» **TASK BRIEF**
Please reproduce all of the data exactly as it appears, but skip the pictures.

» **DATA PROVIDED**
----

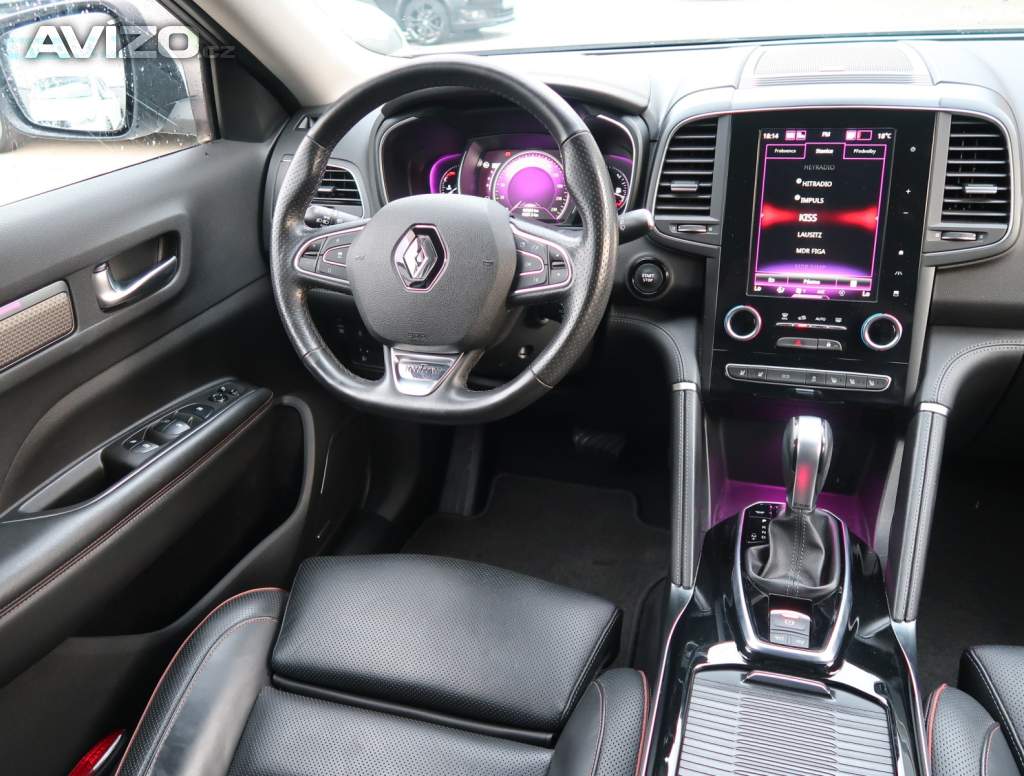 Foto inzerátu Renault Koleos 2.0 dCi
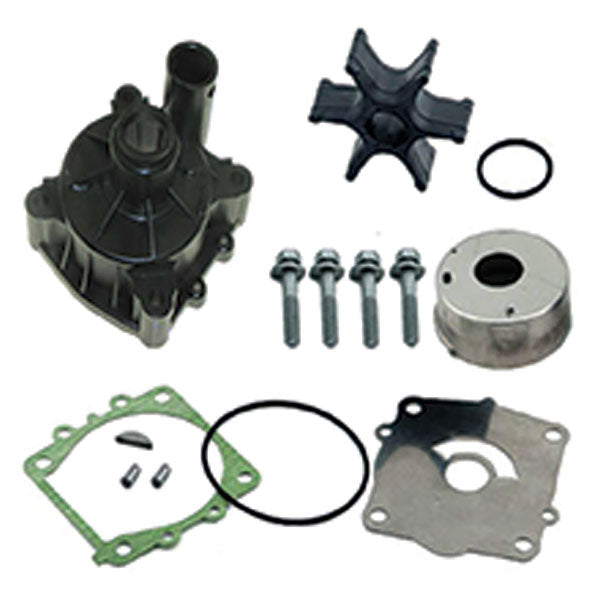 Engineered Marine Products Water Pump Repair Kit withHousing - Marine Replacement Kit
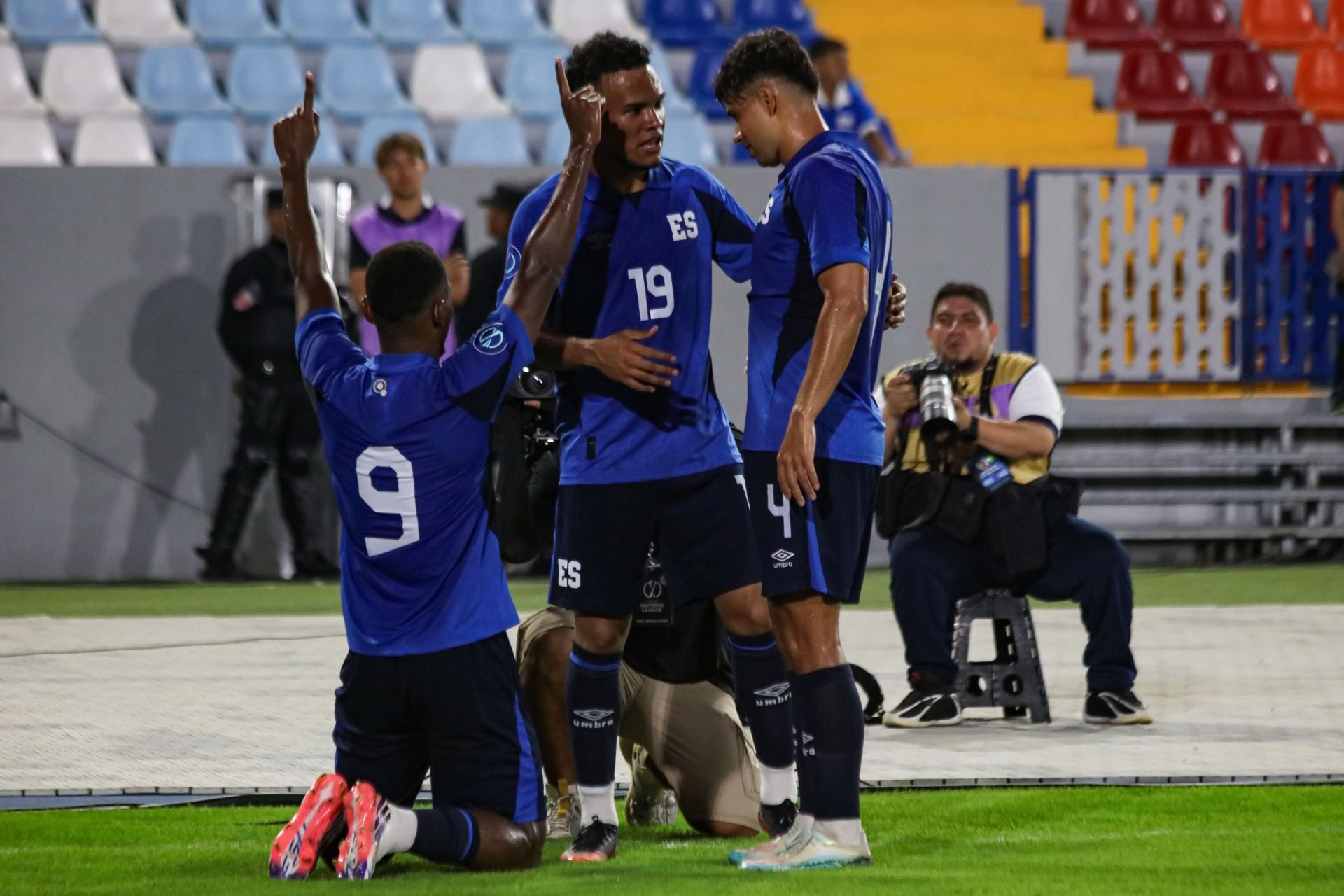 El Salvador vs Jamaica Prediction and Betting Tips | October 2nd 2026
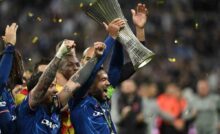 Chelsea Conference League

----

» **EXERCISE RESULT**
 Foto inzerátu Renault Koleos 2.0 dCi
 Engineered Marine Products Water Pump Repair Kit withHousing - Marine Replacement Kit
 El Salvador vs Jamaica Prediction and Betting Tips | October 2nd 2026
 Chelsea Conference League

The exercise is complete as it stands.